# Exercise objective:
The required output is the stretch from the line containing "BEHOLD− 馬 コイン" through the line containing "La Chiquita Market" in the records below, unaltered and with no pictures.

# Material for this exercise:
# # #

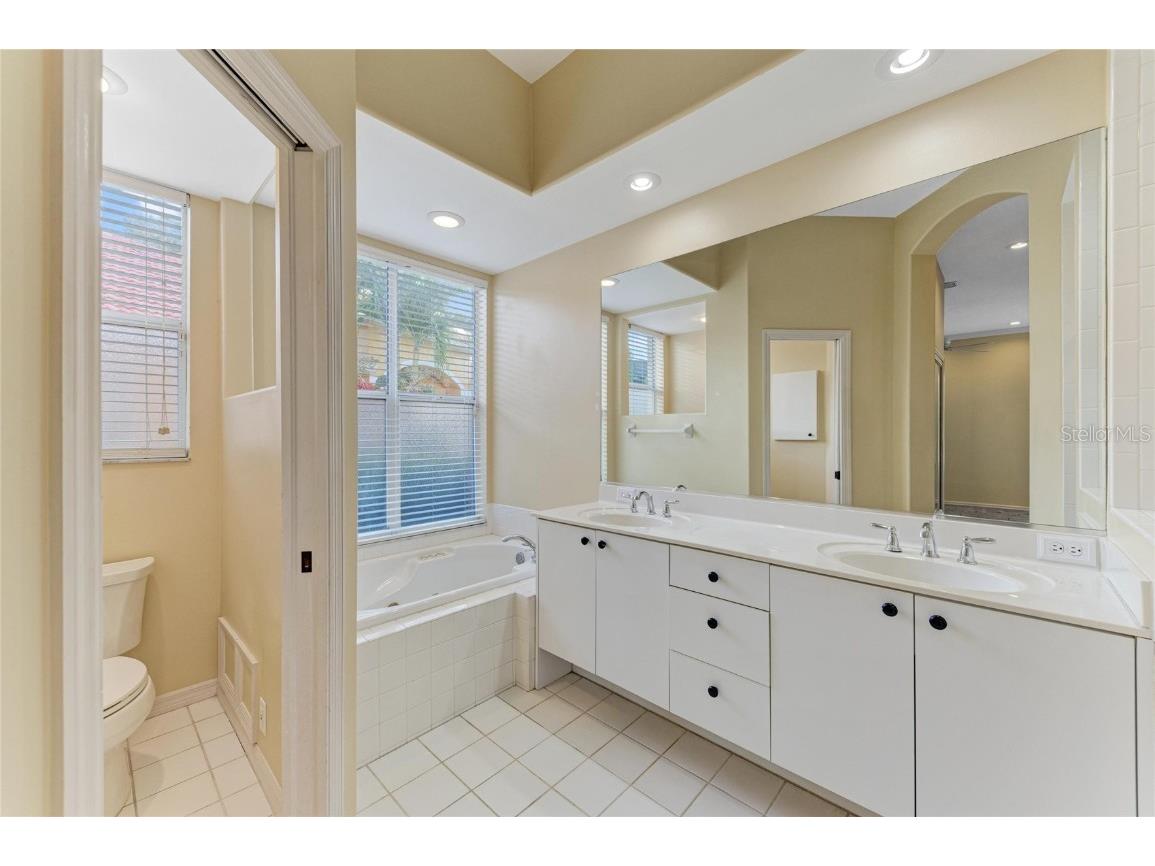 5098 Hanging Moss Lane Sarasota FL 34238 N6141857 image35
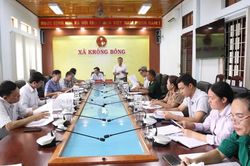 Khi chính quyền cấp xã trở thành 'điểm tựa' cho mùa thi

# # #

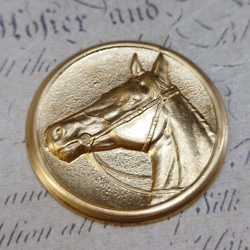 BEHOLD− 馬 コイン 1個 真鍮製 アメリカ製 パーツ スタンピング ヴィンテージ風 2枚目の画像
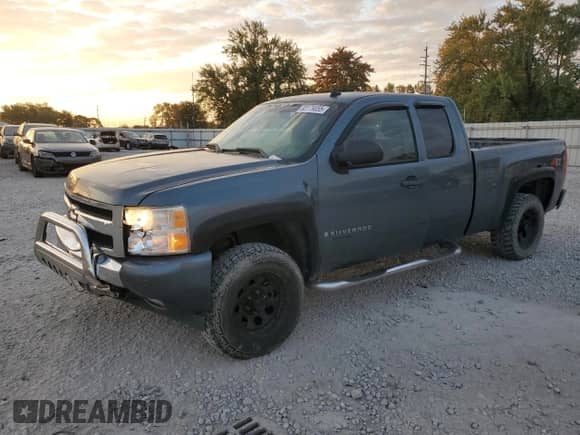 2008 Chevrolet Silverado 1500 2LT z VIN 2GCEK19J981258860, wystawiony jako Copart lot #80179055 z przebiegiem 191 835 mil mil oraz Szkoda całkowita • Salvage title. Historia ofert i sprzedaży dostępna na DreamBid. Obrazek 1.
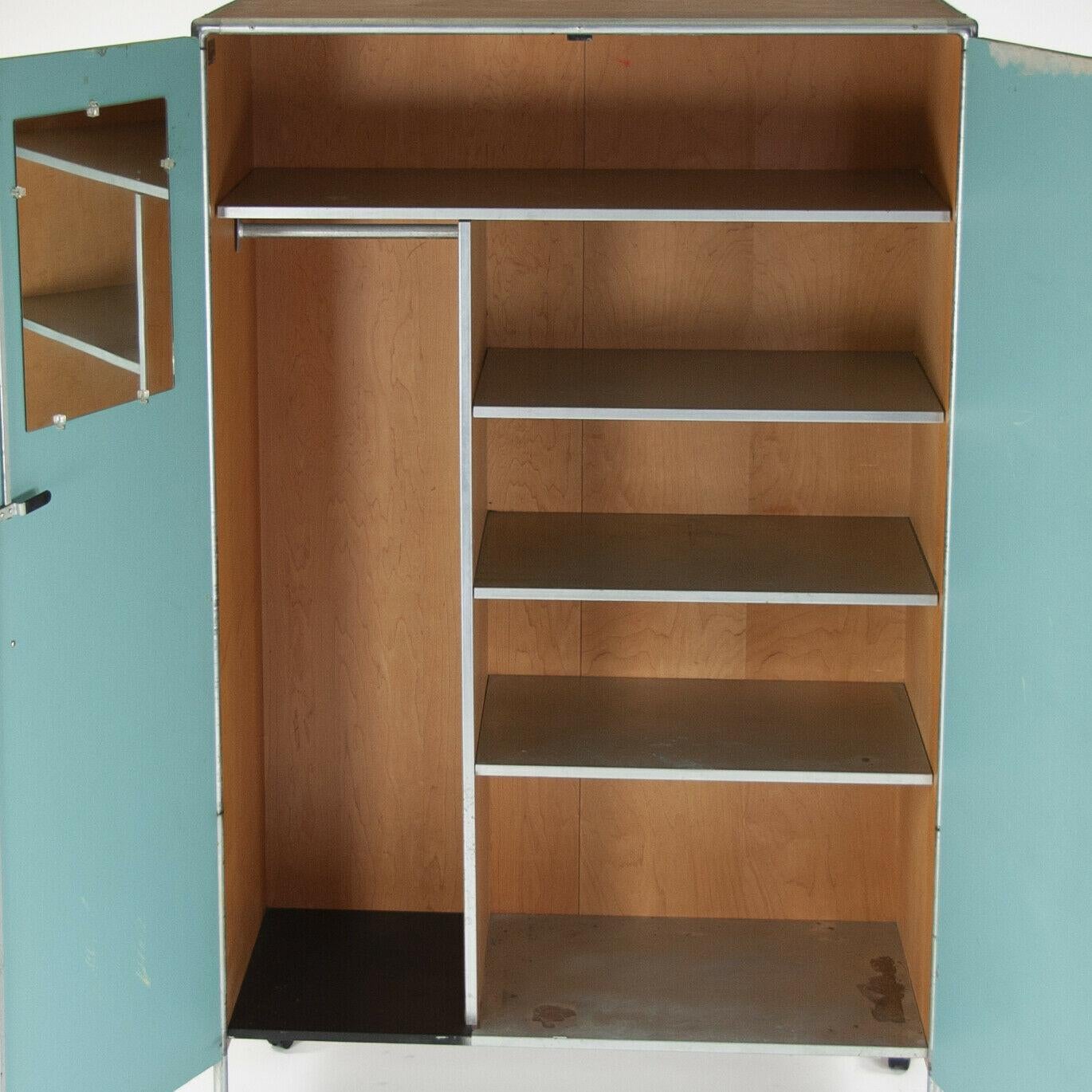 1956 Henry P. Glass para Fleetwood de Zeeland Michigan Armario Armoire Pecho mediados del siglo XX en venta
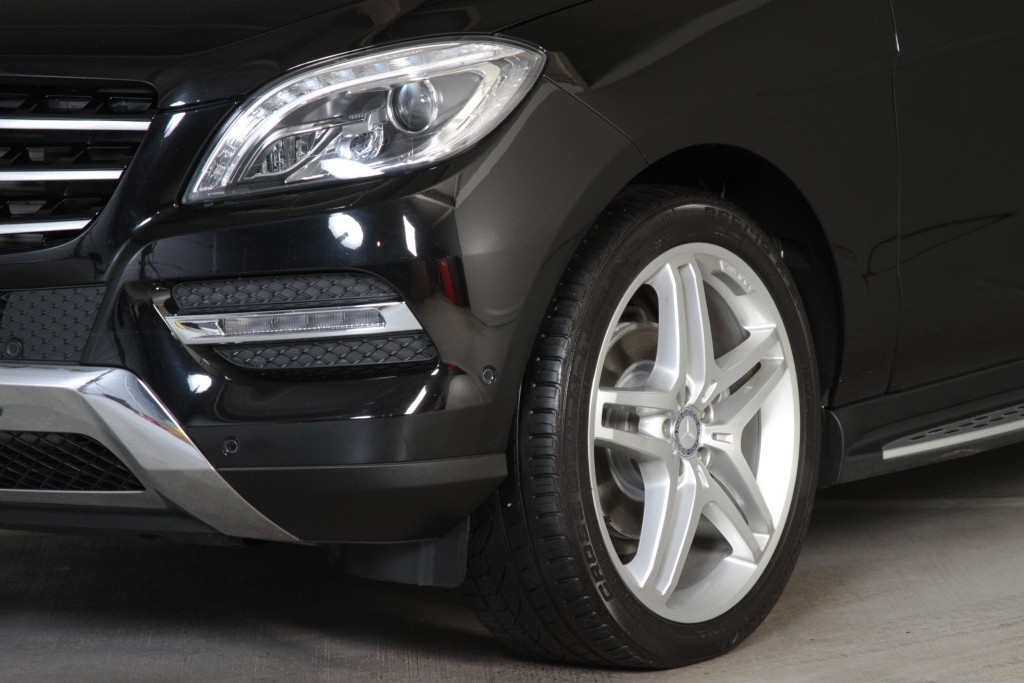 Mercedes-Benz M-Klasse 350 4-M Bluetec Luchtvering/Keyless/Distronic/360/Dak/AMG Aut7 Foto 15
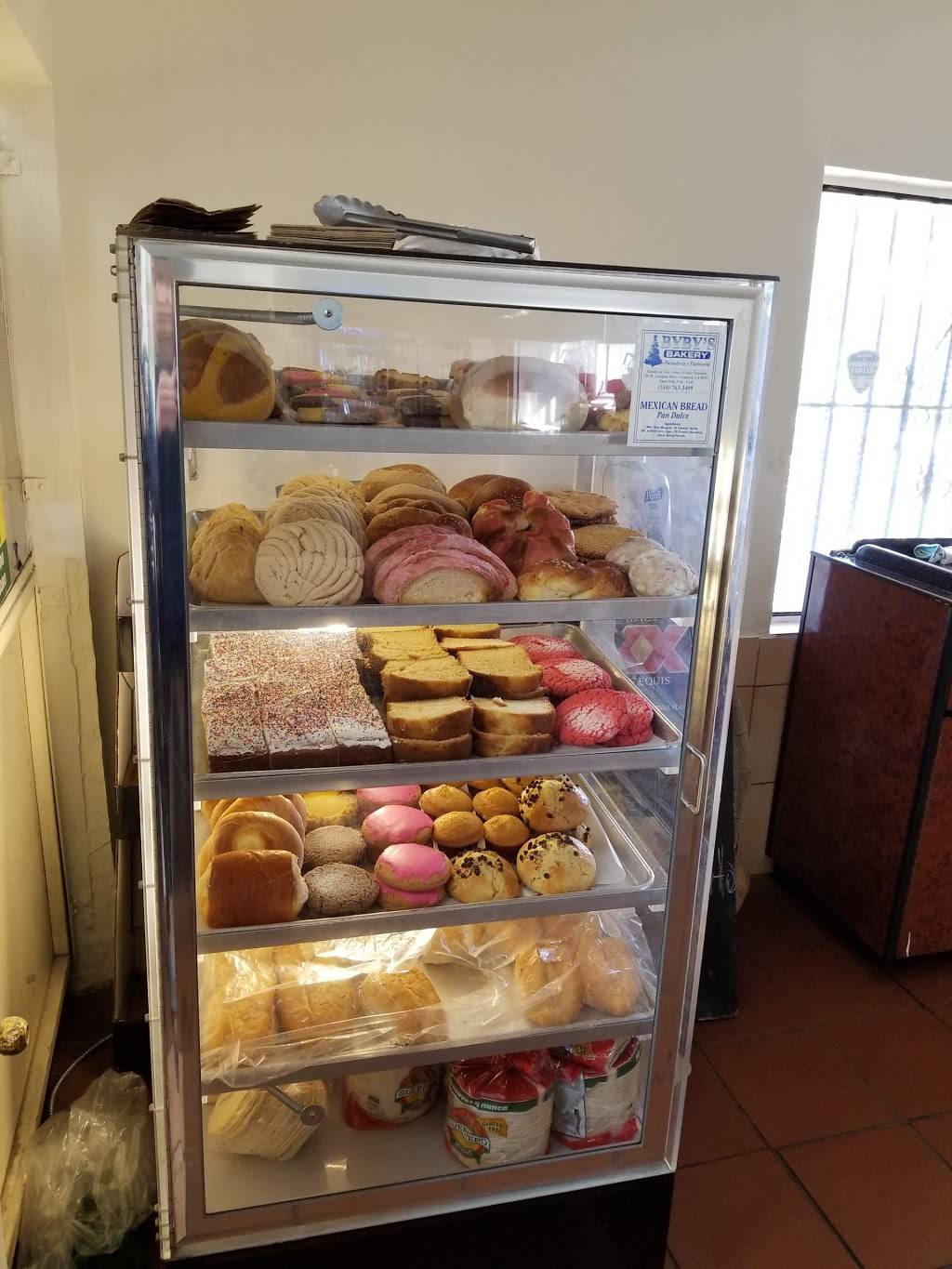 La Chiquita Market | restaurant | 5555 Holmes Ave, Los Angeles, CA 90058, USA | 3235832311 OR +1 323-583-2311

# # #

# Result:
 BEHOLD− 馬 コイン 1個 真鍮製 アメリカ製 パーツ スタンピング ヴィンテージ風 2枚目の画像
 2008 Chevrolet Silverado 1500 2LT z VIN 2GCEK19J981258860, wystawiony jako Copart lot #80179055 z przebiegiem 191 835 mil mil oraz Szkoda całkowita • Salvage title. Historia ofert i sprzedaży dostępna na DreamBid. Obrazek 1.
 1956 Henry P. Glass para Fleetwood de Zeeland Michigan Armario Armoire Pecho mediados del siglo XX en venta
 Mercedes-Benz M-Klasse 350 4-M Bluetec Luchtvering/Keyless/Distronic/360/Dak/AMG Aut7 Foto 15
 La Chiquita Market | restaurant | 5555 Holmes Ave, Los Angeles, CA 90058, USA | 3235832311 OR +1 323-583-2311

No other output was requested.